(Captioned web images)
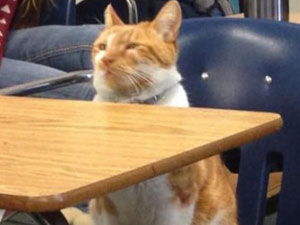 b5e20369-46f1-4ed8-9460-2a0fb21169f4_S_secvpf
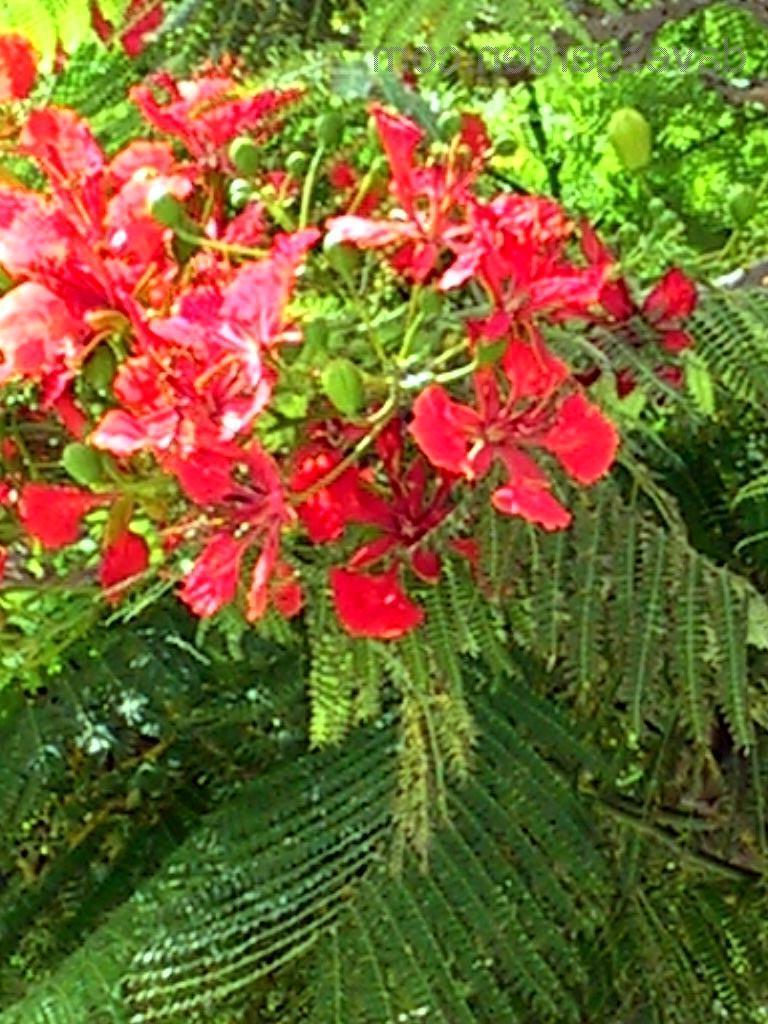 peacock flowers wedding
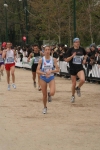 stram1_445.jpg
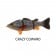 Westin Barry The Bass (HL/SB)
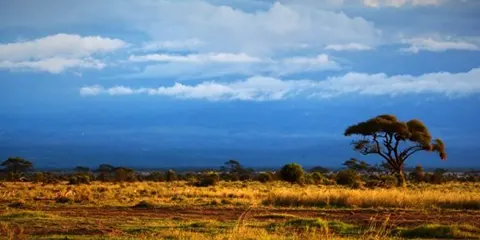 cover-2 Days Tarangire and Ngorongoro Group Joining Safari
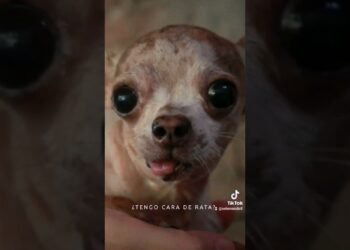 Cosas de perros chiquitos🐕 | Selena Mendivil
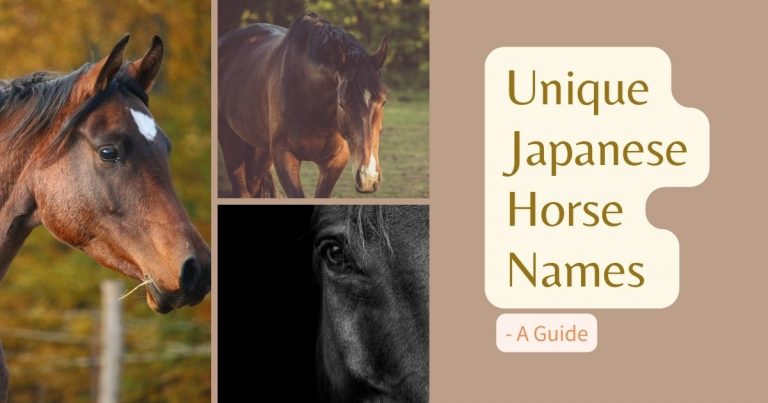 japanese horse names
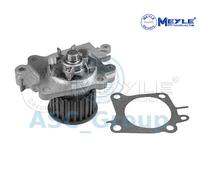 Meyle Ricambio Motore Raffreddamento Acqua di Pompa Dell'Acqua 32-13 220 0003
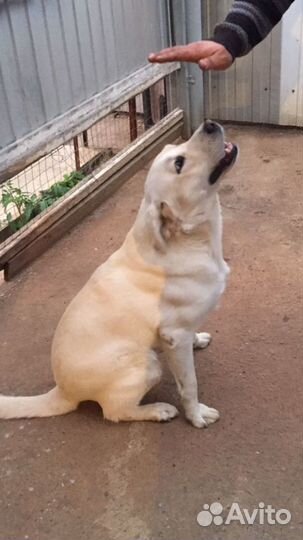 Кобель лабрадора вязка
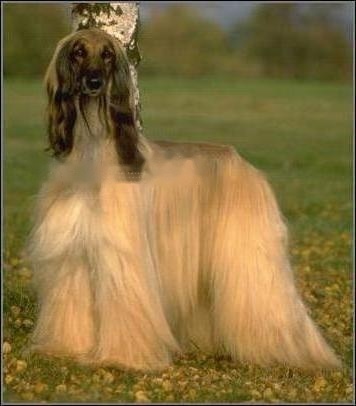 Afghan Hound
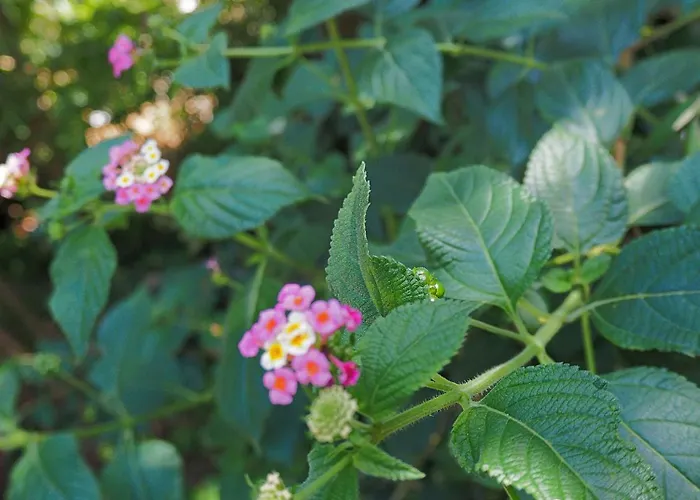 Kalinifta 4* Tricase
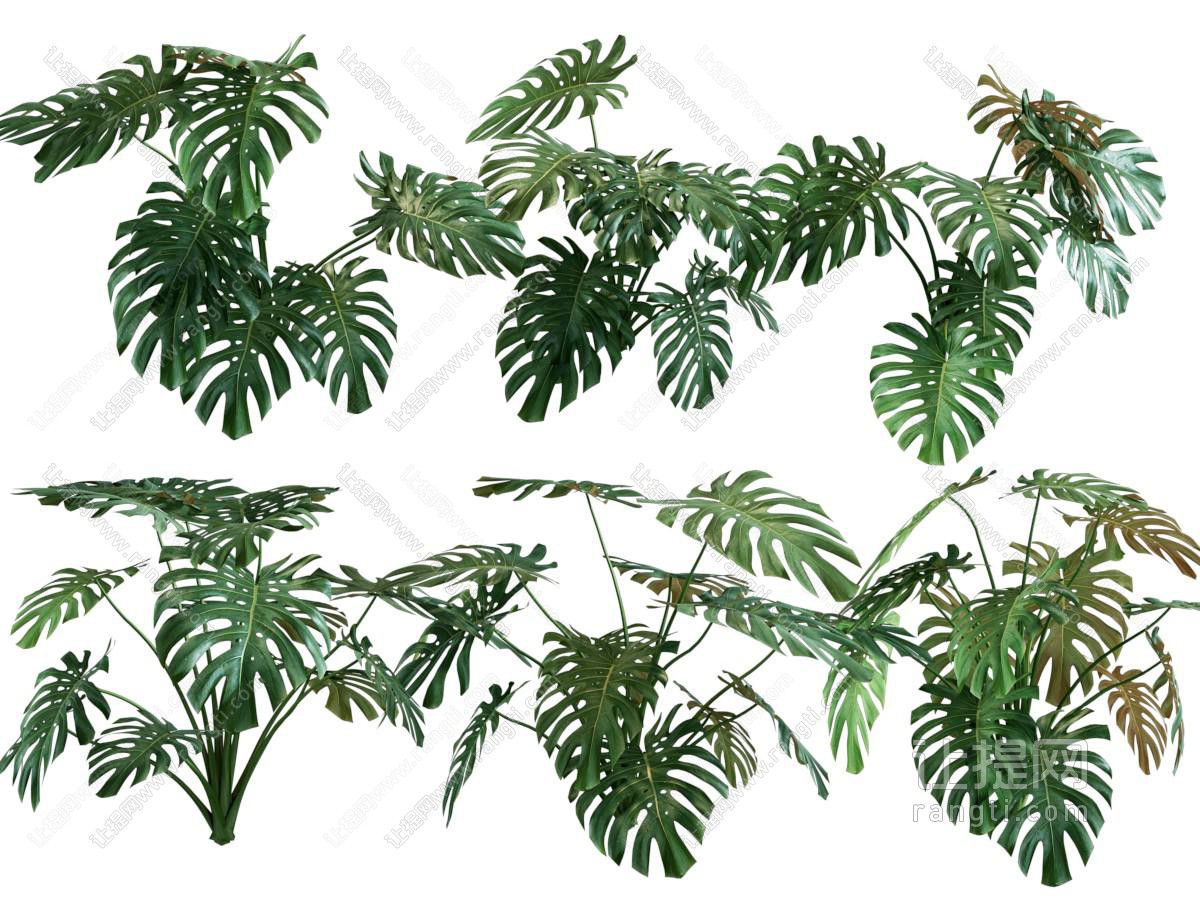 龟背竹绿植盆栽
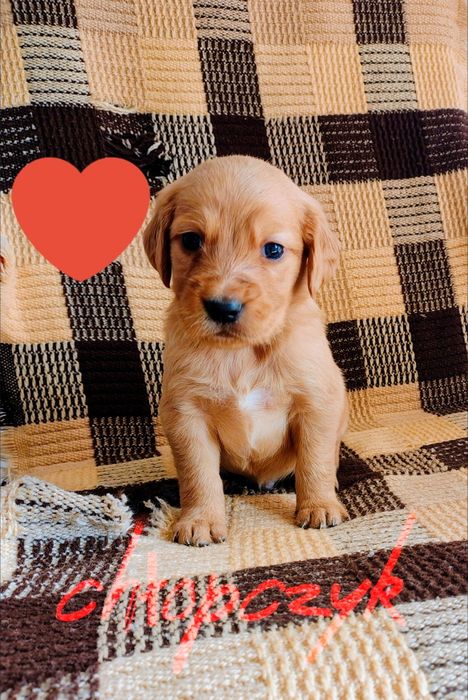 Golden retriever chłopczyk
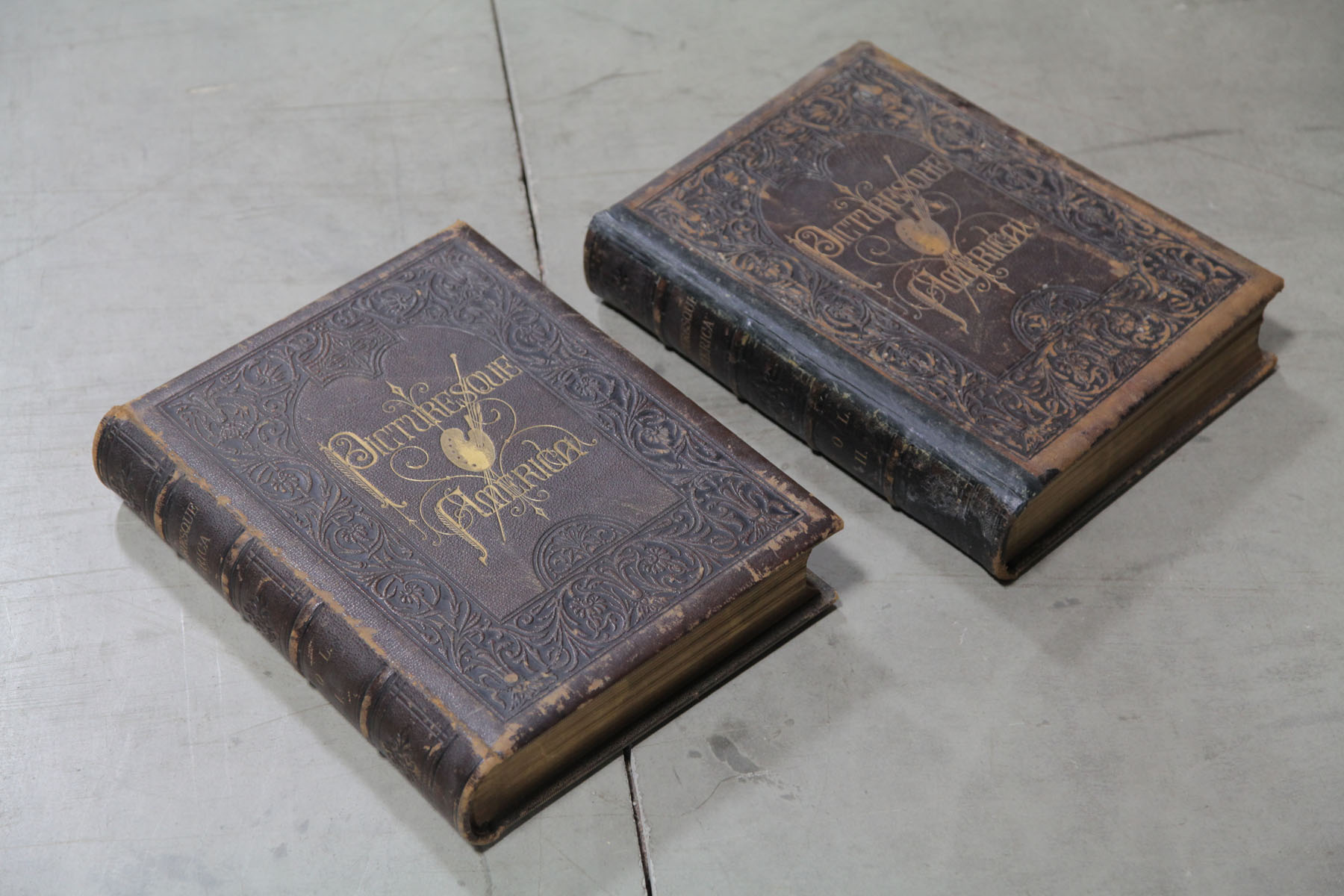 VOLUMES I AND II OF PICTURESQUE AMERICA.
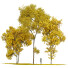Trees Acer Saccharinum Fall - Pandora-land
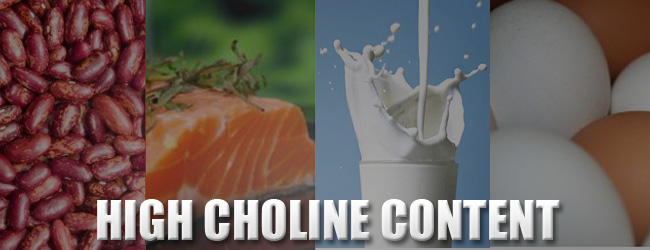 Choline-food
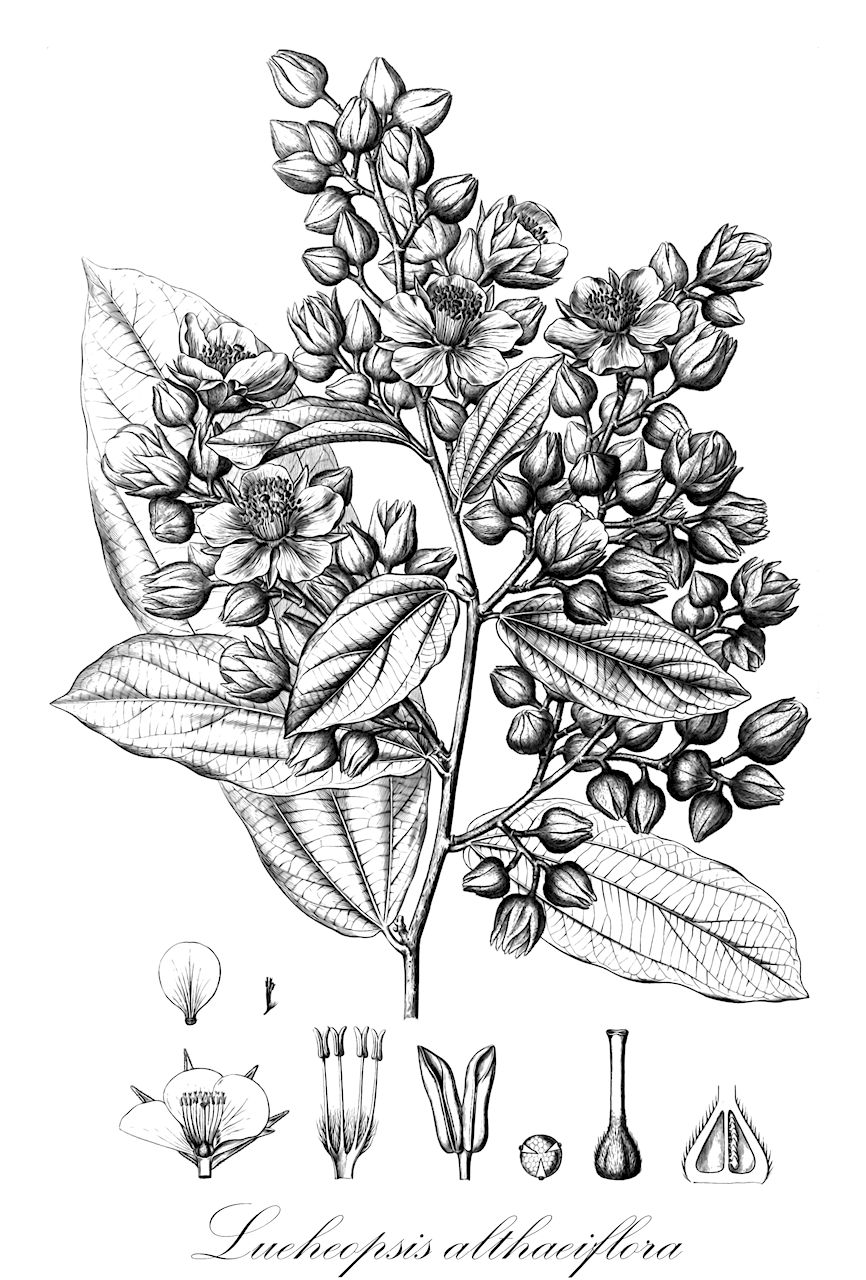 Lueheopsis althaeiflora - Malvaceae,Plantae,Pteridobiotina,Angiosperms,Malvales,Malvaceae,Lueheopsis,Lueheopsis althaeiflora,Luehea altheiflora, Lueheopsis schultesii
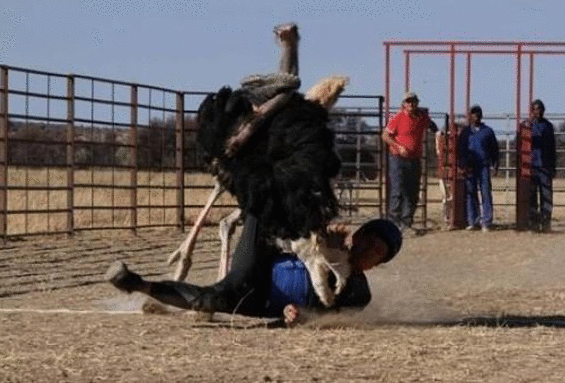 杨千嬅老公骑鸵鸟摔倒 被踩中裆部后惨叫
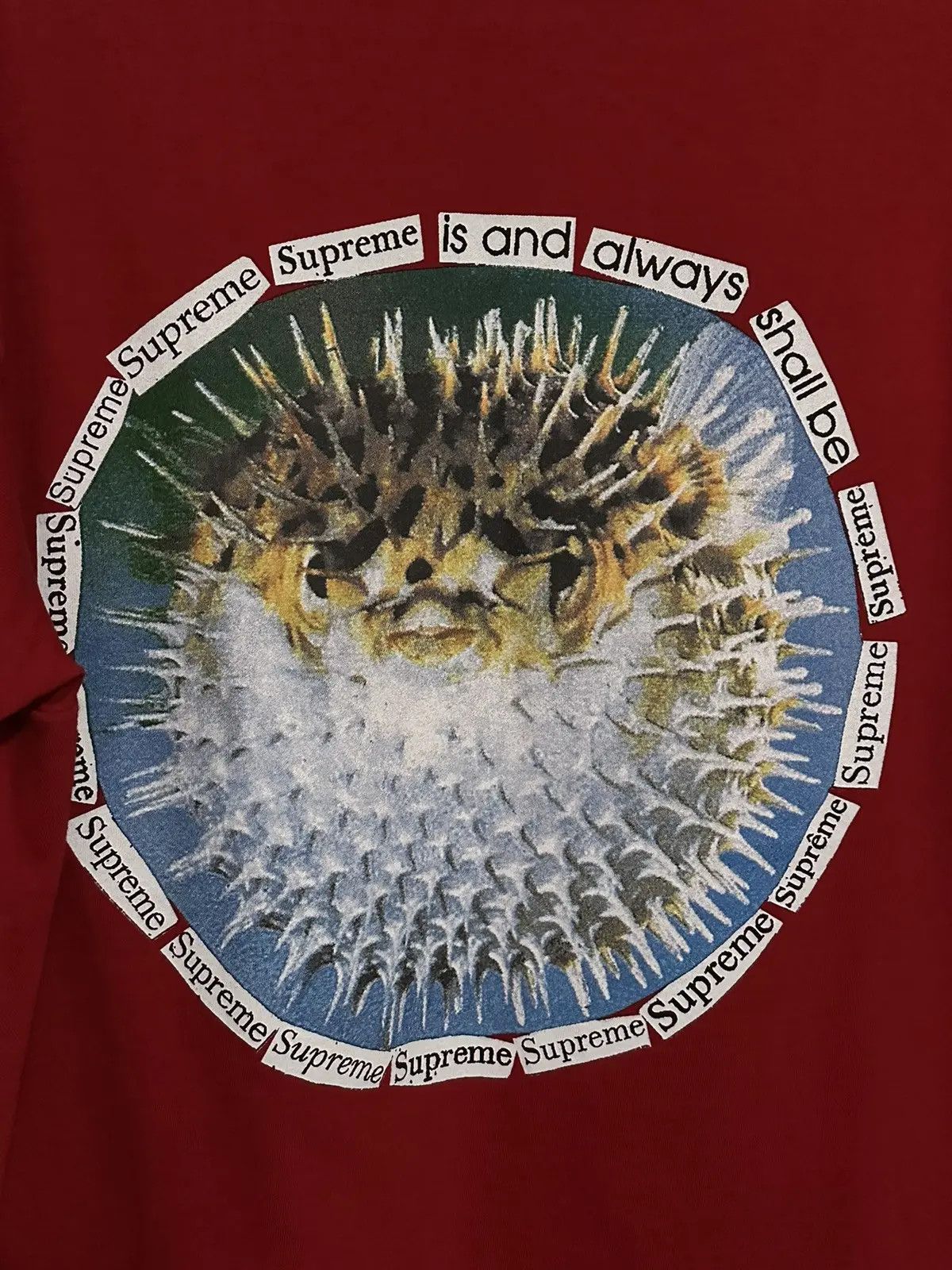 Supreme Supreme Blowfish Tee Size US M / EU 48-50 / 2 - 2 Thumbnail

ACTION ITEM ▸ An exact reproduction of the data above is required, with every picture removed.

OUTPUT OF THE TASK ▸
 b5e20369-46f1-4ed8-9460-2a0fb21169f4_S_secvpf
 peacock flowers wedding
 stram1_445.jpg
 Westin Barry The Bass (HL/SB)
 cover-2 Days Tarangire and Ngorongoro Group Joining Safari
 Cosas de perros chiquitos🐕 | Selena Mendivil
 japanese horse names
 Meyle Ricambio Motore Raffreddamento Acqua di Pompa Dell'Acqua 32-13 220 0003
 Кобель лабрадора вязка
 Afghan Hound
 Kalinifta 4* Tricase
 龟背竹绿植盆栽
 Golden retriever chłopczyk
 VOLUMES I AND II OF PICTURESQUE AMERICA.
Trees Acer Saccharinum Fall - Pandora-land
 Choline-food
 Lueheopsis althaeiflora - Malvaceae,Plantae,Pteridobiotina,Angiosperms,Malvales,Malvaceae,Lueheopsis,Lueheopsis althaeiflora,Luehea altheiflora, Lueheopsis schultesii
 杨千嬅老公骑鸵鸟摔倒 被踩中裆部后惨叫
 Supreme Supreme Blowfish Tee Size US M / EU 48-50 / 2 - 2 Thumbnail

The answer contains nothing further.